Sourcing more oil from Canada achieves the politically desirable goal of making the U.S. less dependent on OPEC. But bitumen exacts a heavy toll on the environment. As compared with conventional Saudi oil, it emits twice as much greenhouse gas per barrel because of the resources needed to process it. And although it is net-positive— providing between 7 and 10 Btu (British thermal units) of energy for every 1 Btu put into the tar sands—it is less so than conventional petroleum. Once it is mined, bitumen requires large amounts of gas-heated water to melt and separate it from the coarse grains of sand to which it is bound. At that point, the bitumen is still too tarry to flow, so it has to be chemically manipulated with heat and pressure to become yellowish crude oil, diesel, jet fuel or other typical hydrocarbon products. Or it can be diluted with light hydrocarbon liquids to become pitch-black “dilbit” (for “diluted bitumen”), capable of traveling via pipeline to the U.S.
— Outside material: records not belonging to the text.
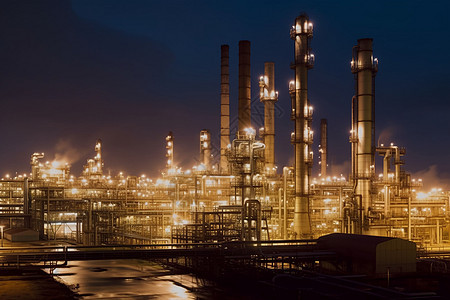 天然气工业炼油厂图片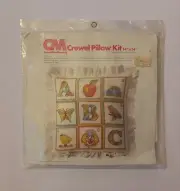 Vintage Columbia-Minerva ABC PILLOW Crewel Kit *NIP*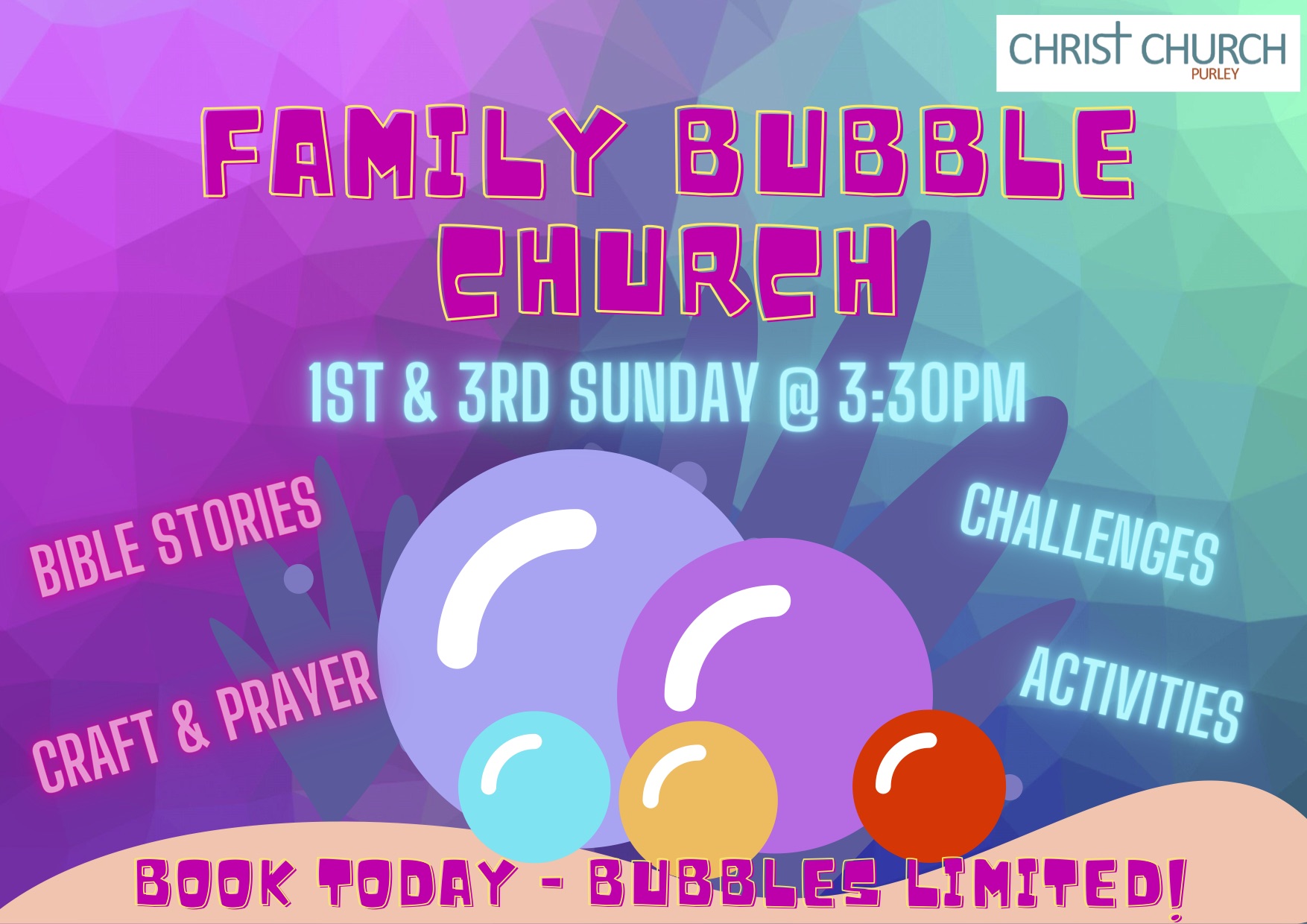 FINAL Family bubble flier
Some environmental scientists see tapping the oil sands as a disastrous tipping point for global warming. In an analysis of how to restrain warming to an increase of two degrees Celsius or less above preindustrial levels, the International Energy Agency suggested that tar sands production should not exceed 3.3 million barrels a day. Yet approved tar sands production would surpass five million barrels a day—a fact that NASA climatologist James Hansen calls “game over for climate change.”
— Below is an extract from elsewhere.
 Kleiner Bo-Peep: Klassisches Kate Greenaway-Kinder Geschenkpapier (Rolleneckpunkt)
Of course, the true challenge is reducing the use of all fossil fuels, not just oil. U.S. coal-fired power plants produce 10 times more carbon dioxide than Albertan oil sands. Even so, power plant emissions have begun to decline, while the Canadian Association of Petroleum Producers notes that CO2 pollution from oil sands has risen 36 percent since 2007. As the U.S. weighs construction of the Keystone XL pipeline, the problem of tapping the oil sands is only getting stickier.